Obviously, none of this is clearly promulgated policy.
The type of information that can be shared between colleges and universities is extremely limited as a result of court cases that have established those boundaries. To my understanding, at the present time only those institutions that recognize each others’ ED policies share any information.
If you were admitted ED, and you turned down that offer, and the ED school cleared you, you are OK for admission at the places that care about each others’ ED offers. But the truth is that most colleges and universities in the US don’t give a rip about those ED places, so if that is the kind of institution that is on your RD list, you are fine no matter what your ED school thinks.
I do know many admissions officers know each other well. Harvard, Penn State, MIT and Yale came to our city and had a joint admission event and have been traveling together for YEARS and told us they share information and stories and are good friends too, so I wouldn’t automatically rule out one school not sharing some stories with another. As long as they are interesting, raise red flags, etc.
I withdrew my application from ed and changed to rd before decisions came out. Im just worried that my top choice in rd might find out and not think im serious about their school
@crystalwaters23 ahh if that’s all it is, I would say you’re fine.

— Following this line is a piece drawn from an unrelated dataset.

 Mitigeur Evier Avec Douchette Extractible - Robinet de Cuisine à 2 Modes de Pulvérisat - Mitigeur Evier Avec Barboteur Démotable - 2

Regarding your actual question: after seeing how chummy the admissions people from Harvard, Stanford, Georgetown, Duke, and Penn seemed that traveled together on the Exploring College Options tour, it wouldn’t surprise me if there were off-the-record, “unofficial” communications between these schools. But about an applicant who changed from ED to RD? I doubt they would bat an eyelash over that.

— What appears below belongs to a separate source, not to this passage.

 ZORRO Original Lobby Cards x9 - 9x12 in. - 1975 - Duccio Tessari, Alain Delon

Oh, that is fine. No worries about that, I doubt that info would be passed. People do it all the time. The reason may be that students just decide they want to compare FA packages. Or got cold feet after applying about ED – that is okay, you could always warm up again in April.
I would not worry about this at all.
You’re just fine, your actions were entirely ethical.
I’m sure they do talk to an extent but they wouldn’t deliberately or maliciously rat you out to other schools. Simply withdrawing your ED app and replacing it with an RD app isn’t catastrophic anyways IMO.
So the school this impacts the most is the one that already knows about it. They figure THEY are now not your first choice. If some other school got this info (which I honestly don’t think they would get, why would anyone bother to tell them?), they might figure that THEY are your new sweetheart.
Really, there is no risk and no problem here with the other schools. Your original school may wonder why you did it, though. But that is done now.
“Im just worried that my top choice in rd might find out and not think im serious about their school.”
I agree with intparent. If the other school(s) find out about your actions–which were ethical–it is a signal that you are VERY interested. Good luck to you, and don’t give it a second thought.